→ **Problem statement**
All entries are to be transcribed exactly. Pictures are not part of the copy.

═══ Data to process ═══

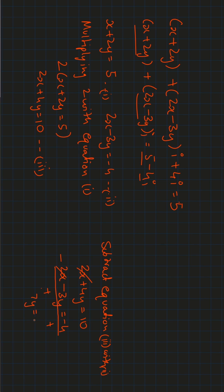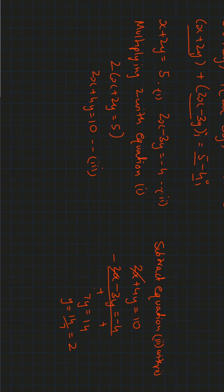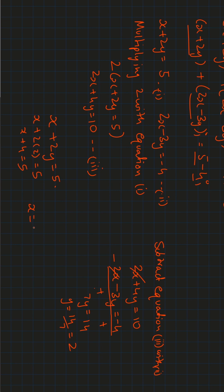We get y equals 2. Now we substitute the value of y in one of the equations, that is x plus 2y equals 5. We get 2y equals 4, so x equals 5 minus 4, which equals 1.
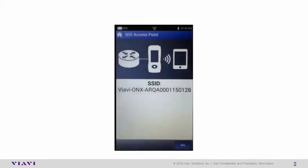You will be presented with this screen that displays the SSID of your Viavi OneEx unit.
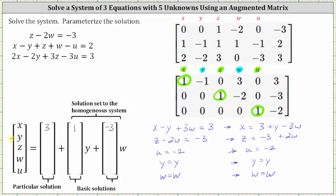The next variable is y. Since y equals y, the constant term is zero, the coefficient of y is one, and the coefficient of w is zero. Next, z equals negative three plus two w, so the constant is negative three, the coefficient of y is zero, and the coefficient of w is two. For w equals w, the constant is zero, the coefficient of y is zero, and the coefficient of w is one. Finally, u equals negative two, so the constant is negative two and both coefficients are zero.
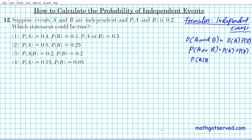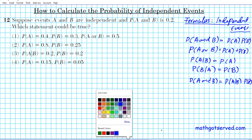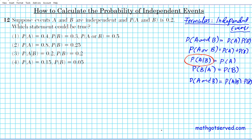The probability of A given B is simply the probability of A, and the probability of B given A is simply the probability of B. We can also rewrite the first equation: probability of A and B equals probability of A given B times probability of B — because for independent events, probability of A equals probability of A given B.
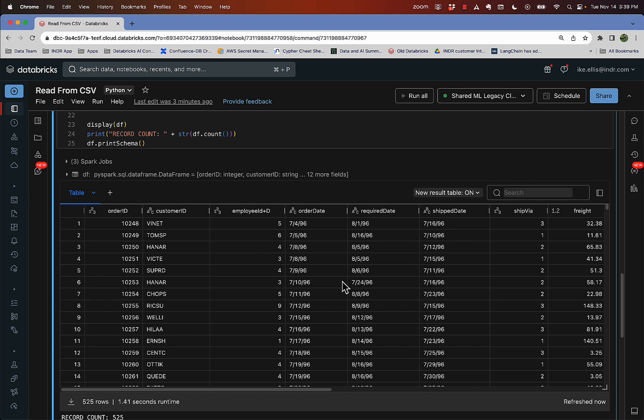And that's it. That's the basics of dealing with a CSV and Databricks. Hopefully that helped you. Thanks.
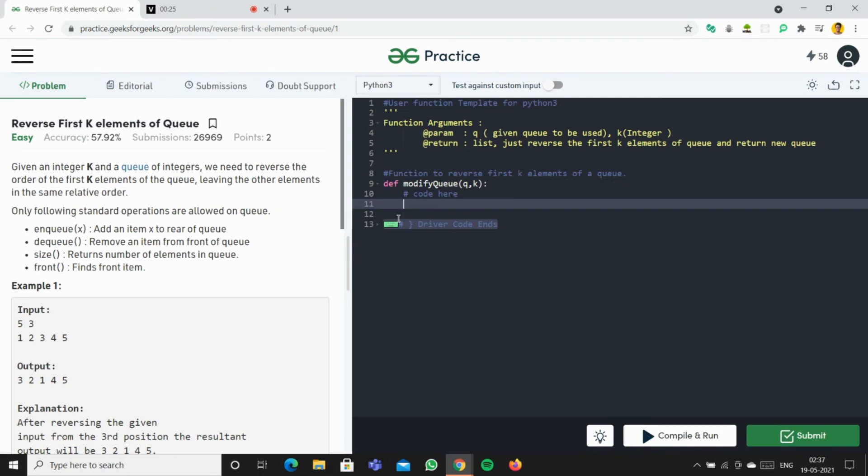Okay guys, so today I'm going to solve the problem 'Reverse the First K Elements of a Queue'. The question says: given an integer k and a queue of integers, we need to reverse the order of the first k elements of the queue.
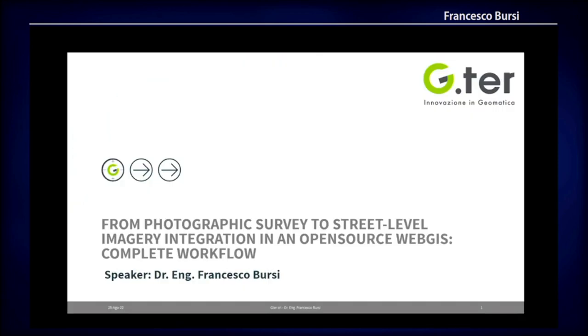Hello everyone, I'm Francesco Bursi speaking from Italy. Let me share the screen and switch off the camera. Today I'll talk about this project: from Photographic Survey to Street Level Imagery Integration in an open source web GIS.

═══

→ **Task result**
We get y equals 2. Now we substitute the value of y in one of the equations, that is x plus 2y equals 5. We get 2y equals 4, so x equals 5 minus 4, which equals 1.
You will be presented with this screen that displays the SSID of your Viavi OneEx unit.
The next variable is y. Since y equals y, the constant term is zero, the coefficient of y is one, and the coefficient of w is zero. Next, z equals negative three plus two w, so the constant is negative three, the coefficient of y is zero, and the coefficient of w is two. For w equals w, the constant is zero, the coefficient of y is zero, and the coefficient of w is one. Finally, u equals negative two, so the constant is negative two and both coefficients are zero.
The probability of A given B is simply the probability of A, and the probability of B given A is simply the probability of B. We can also rewrite the first equation: probability of A and B equals probability of A given B times probability of B — because for independent events, probability of A equals probability of A given B.
And that's it. That's the basics of dealing with a CSV and Databricks. Hopefully that helped you. Thanks.
Okay guys, so today I'm going to solve the problem 'Reverse the First K Elements of a Queue'. The question says: given an integer k and a queue of integers, we need to reverse the order of the first k elements of the queue.
Hello everyone, I'm Francesco Bursi speaking from Italy. Let me share the screen and switch off the camera. Today I'll talk about this project: from Photographic Survey to Street Level Imagery Integration in an open source web GIS.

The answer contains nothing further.